Data items:
/---

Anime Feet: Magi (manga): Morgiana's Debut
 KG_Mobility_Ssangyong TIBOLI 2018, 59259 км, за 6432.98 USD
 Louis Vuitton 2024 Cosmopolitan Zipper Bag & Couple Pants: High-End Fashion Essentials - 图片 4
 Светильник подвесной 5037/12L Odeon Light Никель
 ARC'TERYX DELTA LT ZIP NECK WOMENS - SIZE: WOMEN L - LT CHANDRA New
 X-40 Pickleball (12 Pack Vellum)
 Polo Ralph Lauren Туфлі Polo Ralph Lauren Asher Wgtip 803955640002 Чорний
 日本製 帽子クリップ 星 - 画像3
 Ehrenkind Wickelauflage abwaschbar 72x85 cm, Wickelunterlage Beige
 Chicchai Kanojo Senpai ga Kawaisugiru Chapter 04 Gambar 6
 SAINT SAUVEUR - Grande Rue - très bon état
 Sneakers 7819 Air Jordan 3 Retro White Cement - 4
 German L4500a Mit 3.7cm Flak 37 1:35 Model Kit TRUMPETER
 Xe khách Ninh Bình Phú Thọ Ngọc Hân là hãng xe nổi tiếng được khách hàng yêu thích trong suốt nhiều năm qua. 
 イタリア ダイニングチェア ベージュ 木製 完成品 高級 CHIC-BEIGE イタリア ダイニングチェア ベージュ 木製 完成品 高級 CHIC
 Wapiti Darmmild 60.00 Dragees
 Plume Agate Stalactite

\---

WORK REQUEST:
Would you please write the entries out again in full, exactly as given?

OUTPUT OF THE EXERCISE:
Anime Feet: Magi (manga): Morgiana's Debut
 KG_Mobility_Ssangyong TIBOLI 2018, 59259 км, за 6432.98 USD
 Louis Vuitton 2024 Cosmopolitan Zipper Bag & Couple Pants: High-End Fashion Essentials - 图片 4
 Светильник подвесной 5037/12L Odeon Light Никель
 ARC'TERYX DELTA LT ZIP NECK WOMENS - SIZE: WOMEN L - LT CHANDRA New
 X-40 Pickleball (12 Pack Vellum)
 Polo Ralph Lauren Туфлі Polo Ralph Lauren Asher Wgtip 803955640002 Чорний
 日本製 帽子クリップ 星 - 画像3
 Ehrenkind Wickelauflage abwaschbar 72x85 cm, Wickelunterlage Beige
 Chicchai Kanojo Senpai ga Kawaisugiru Chapter 04 Gambar 6
 SAINT SAUVEUR - Grande Rue - très bon état
 Sneakers 7819 Air Jordan 3 Retro White Cement - 4
 German L4500a Mit 3.7cm Flak 37 1:35 Model Kit TRUMPETER
 Xe khách Ninh Bình Phú Thọ Ngọc Hân là hãng xe nổi tiếng được khách hàng yêu thích trong suốt nhiều năm qua. 
 イタリア ダイニングチェア ベージュ 木製 完成品 高級 CHIC-BEIGE イタリア ダイニングチェア ベージュ 木製 完成品 高級 CHIC
 Wapiti Darmmild 60.00 Dragees
 Plume Agate Stalactite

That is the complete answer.